Ground on ground, staining, rubbing, washing, printing, wiping, rinsing, ironing. These are the processes of my training and my inclination. They are continuously used and adapted in a dialogue with the land. Place and placelessness shift and slide as I deal with colonisation and dispossession. The land holds the traces of the past, glimpses are given, knowledge is gained and the dialogue continues. The archaeologist John Mulvaney once said that an inspirited landscape was one of the greatest gifts given to us by Indigenous people.
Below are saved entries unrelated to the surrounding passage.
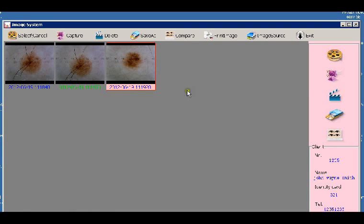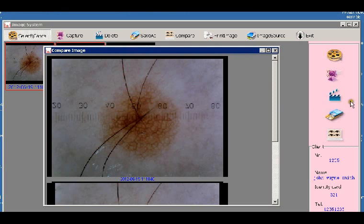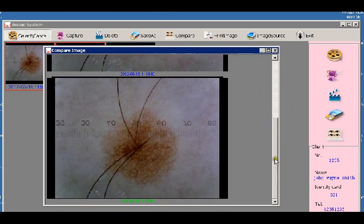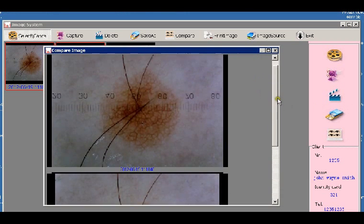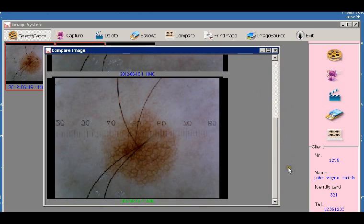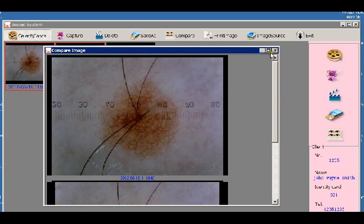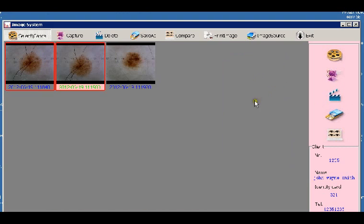And then from here you can do a number of different things. If you select it will show you which ones you're selecting. So you can compare these images. You can compare these images over time for differences in structure, etc. Cancel that.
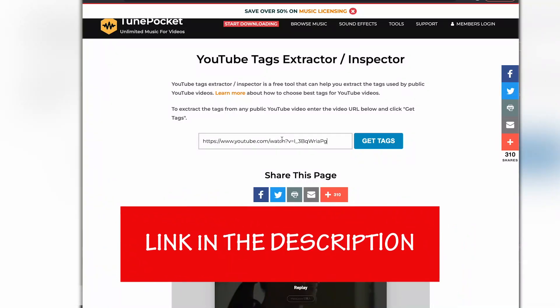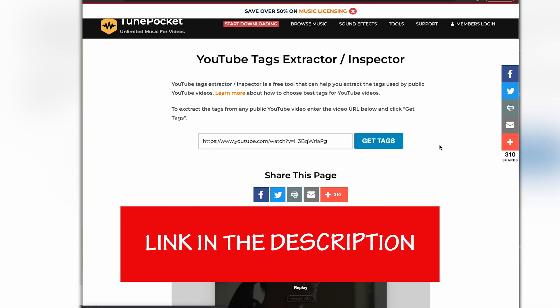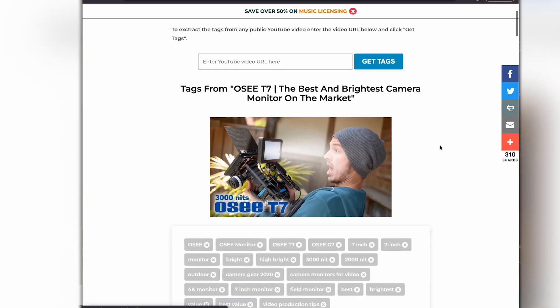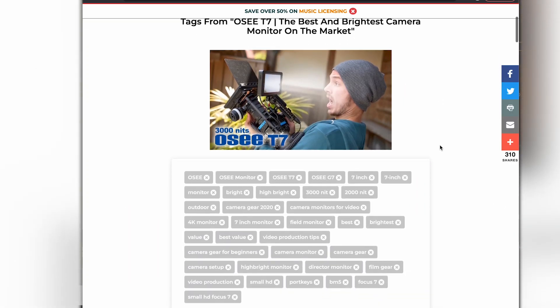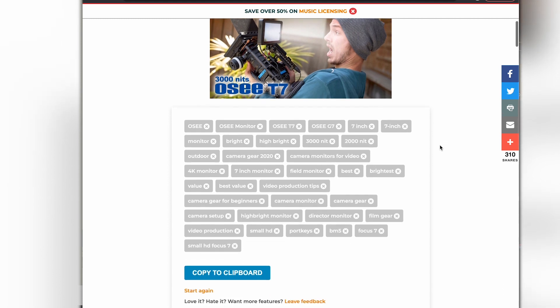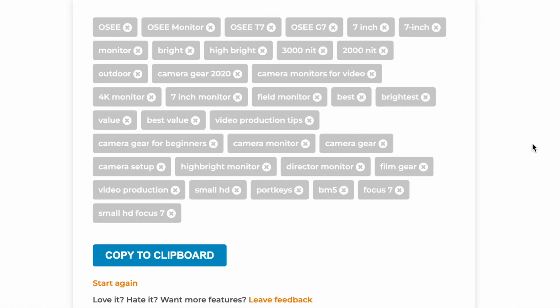So this is the tool. Just copy and paste the URL of the video that you're looking for the tags from, and there are the results. As I said in the previous video, if you watched that, you'll want to go through these and make sure that you do delete any that you don't want to include.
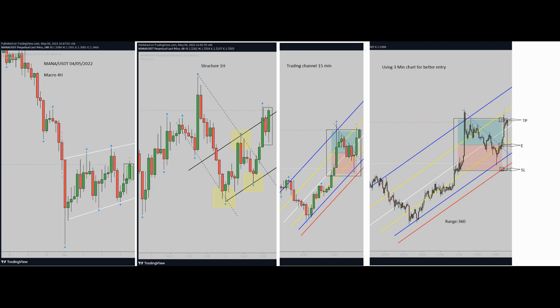As you can see in the picture on the right side, I've marked E for my entry, SL for my stop-loss, and TP for my target. Hope you enjoy it.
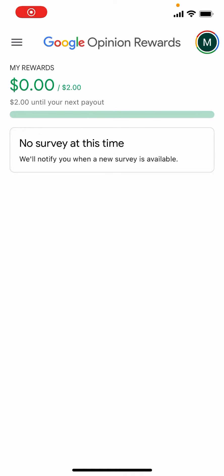What's up everyone, this is MoeTutorials here and today I'm going to show you how to get free money from Google Opinion Rewards.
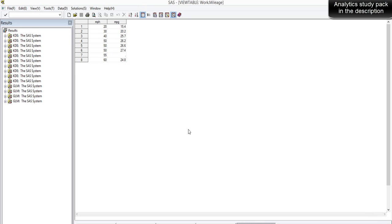Here is a dataset representing a car's mileage at different speeds. We've been asked to find out at what speed the car gets the highest mileage. There are two variables: the speed of the car and the corresponding mileage at a given speed. It's a small dataset with only eight observations, but we can use it to find out the optimal speed at which the car gets the highest mileage.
My work aims to find a ground where this is respected across all cultures who share the land.

Drawing process

Drawing process
Membrane of Memory, Truganini Track, Mt Nelson, Tasmania

Friday, March 8, 2013

Emergence





In the far back corner of Gundaroo Common is a stand of remnant forest.  In the shadows of these trees a mark is made, the shadow responds and the dance begins.   The tree becomes a matrix and helps to develop forms and images.  The paper becomes a membrane over the ground, responding to the pressures from above and below.  Events and people leave traces on the land and the paper reveals and erases glimpses of the past and a possible future.  The play between black and white, mark and surface, figure and ground becomes a source of revelation. 
These are the first works in an ongoing series with a working title of 80 x 80's.  They started as full sheets of Arches paper (120 x 80 cm) that I regularly took out on to Gundaroo Common.  The paper would be soaked in a dam and drawn on with Sumi ink, often following the shadows on the land and being influenced by the structure of the land below
As the paper was repeatedly taken back to the common over time, it would accrue the detritus of the common, along with dirt, charcoal and cow manure.  Eventually I tore the paper down to 80 x 80 cm with the remnant becoming another series titled 40 x 40.  I was addressing the constant landscape / portrait reading that occurs with the rectangular format of paper.  It was important that the drawings can be worked on from every angle on the ground.  The paper was taken back in to the studio and erased and worked on some more.  For the Emergence series the works were considered finished when they acquired a smell of burnt ashes and an active shifting surface.  My aim was to show the ground as an active force in our lives.  Whilst I had hoped for a positive engagement with the land, the overall sense of the works was one of grieving and loss.  The works contain traces of events from colonization to the present day and convey the losses that have occurred during that period.